- Born: September 1, 1982 (age 43) Regina, Saskatchewan, Canada

Curling career
- Hearts appearances: 3 (2005, 2008, 2011)
- Grand Slam victories: 3 (Casinos of Winnipeg, 2007; Wayden Transportation Ladies Classic, 2006; Autumn Gold, 2008)

Medal record
Curling
World Junior Championships
| Gold medal – first place | 2003 Flims |  |
Scotties Tournament of Hearts
| Silver medal – second place | 2008 Regina |  |
Canadian Olympic Curling Trials
| Silver medal – second place | 2009 Edmonton |  |
| Bronze medal – third place | 2005 Halifax |  |

= Chelsey Matson =

Canadian curler

Chelsey Matson (née Bell) (born September 1, 1982) is a Canadian curler.

==Career==
Matson was the long-time lead for Stefanie Lawton. She played for her at the 2001 Canadian Junior Curling Championships and at the 2005 Scott Tournament of Hearts. However, it was in 2003 when playing lead for Lawton's sister, Marliese Kasner that she won the Canadian and World Junior Curling Championships. She was named the all-star lead at the World Juniors that year.
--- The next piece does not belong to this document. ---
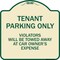 Signmission Designer Series-Tenant Parking Violators Will Be Towed Away Car Owner, 18" x 18", TG-1818-9750 A-DES-TG-1818-9750 - alternate 1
Matson left the Lawton team in 2007 to play with Kleibrink. With Kleibrink, Bell has shared several successes, including winning the Casinos of Winnipeg Grand Slam in October 2007 and the 2008 Alberta Provincial Championship in January 2008.

==Personal life==
Matson was born in Regina, Saskatchewan. Matson married in the summer of 2011.